I've tried 4 colonies. My results fuel my opinion against doing this, but obviously others have had better luck. It's up to an individual to choose to try it, and sometimes experimentation is worthwhile. 

H. incei...about 10-11. Lost them all in a huge tub so wasn't easy to keep tabs. Had one escape twice (found it running across my floor both times, luckily). I realised it wasn't happy and potted it on its own.
Finally realised i was down to 2...both on opposite sides of a 3' tub. One went out of its way to attack the other. I separated them when i saw them fighting (again, lucky i was home to see it). This was over a decently long period of time...they were slings when i got them, and juves when i saw what went down. I had been feeding and watering as normal over the period

H. villosella. Started with 3 i think, ended up with one fat one. Didn't take that long.

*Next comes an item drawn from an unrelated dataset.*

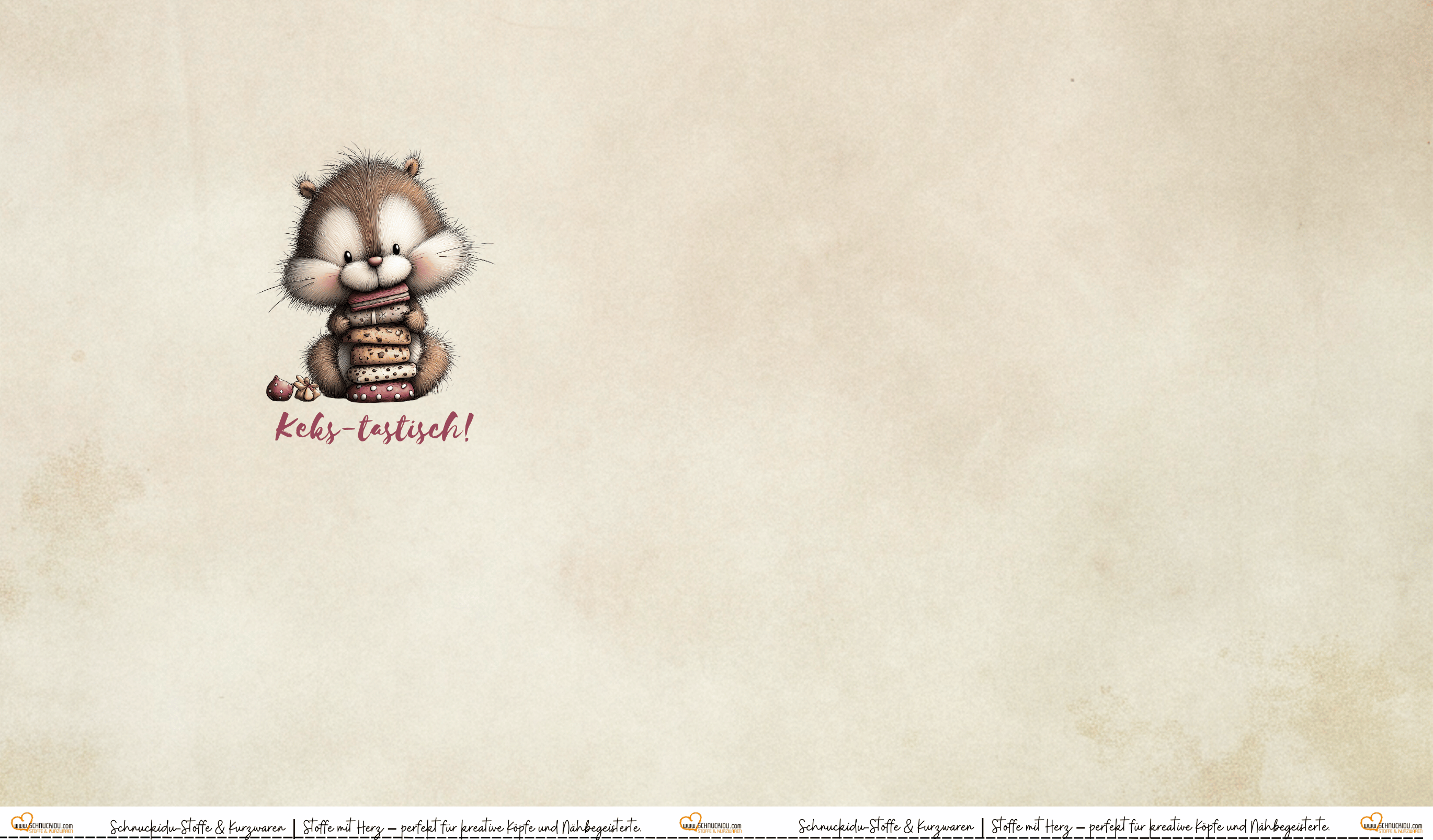 Schnuckidu Eigendesign French Terry Panel mit einem niedlichen süßen Hamster, der einen Keksstapel hält, und Schriftzug Keks-tastisch! auf beige-marmoriertem Background.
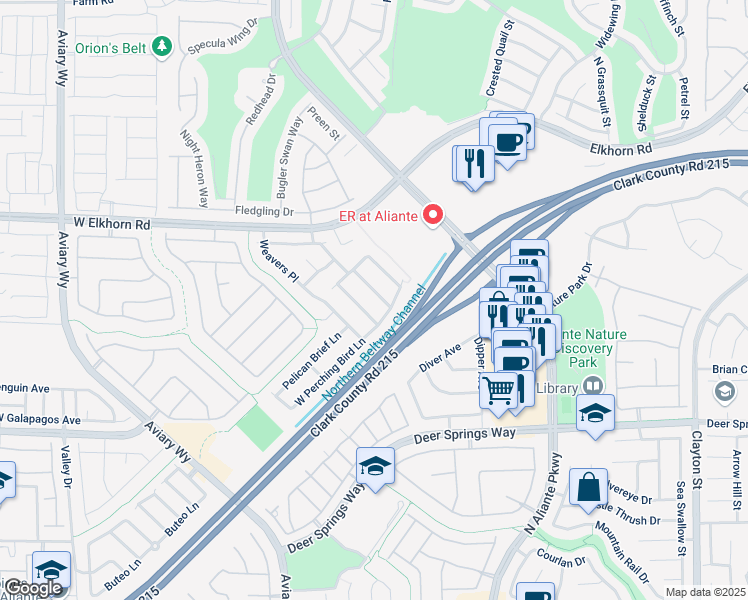 map of restaurants, bars, coffee shops, grocery stores, and more near 7077 Seabirds in North Las Vegas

Yamia sp "koh samui" (pretty sure this is reclassified...if i manage to source some again, i'll care then...atm, Yamia sp "koh samui" will do). This was moderately successful, in that they rarely move from their burrows. I had them in a relatively big tub, and thy made their private flats and got on with growing up. Thought they'd probably died, but kept chucking in food and watering them...then found a mature male. Then found slings.
Here's where it broke down. Slings competed for burrow space, and numbers definitely dwindled. Still, the best success i had.
This was a decent period of time though...just need to extract all the spiderlings before competition happens.

P. lugardi (this was slightly experimental, as P. murinus is said to be relatively tolerant to others). Nope. Ended up with one. He later hooked out. 

After all this plus some anecdotal evidence from others i've spoken to, i don't believe that it's worth trying colonies/communes except with certain species of Poecilotheria, and apparently M. balfouri (though don't know if they are tolerant as adults or just juves...they seem to need it when slings, though, so they appear to be fairly unique there). Just my opinion, however, and if anyone gets a healthy colony going of something that lasts for their whole lives with no noticeable cannibalism, i'll be keen to hear.

Oh, apparently Hysterocrates is "tolerant", but i have heard that they didn't appear as content as they did when kept separately.


----------



## corpselight (Jan 10, 2008)

morg said:


> I am glad that you have asked this question.
> I am trying to find posts on this subject on various spider forums, and read as much as I can in books.
> Id love to keep a communal Avicularia set up, but have had mixed messages from pms sent, things Ive read.I look forward to hearing other posters experiences:2thumb:


I went to a zoo once (Marwell? maybe that one, can't remember exactly) where they had a group of Avics in a large glass tank. Each adult spider had made its home in a corner...as far away from the others as possible.


----------



## Mr Mister (Oct 12, 2011)

corpselight said:


> I went to a zoo once (Marwell? maybe that one, can't remember exactly) where they had a group of Avics in a large glass tank. Each adult spider had made its home in a corner...as far away from the others as possible.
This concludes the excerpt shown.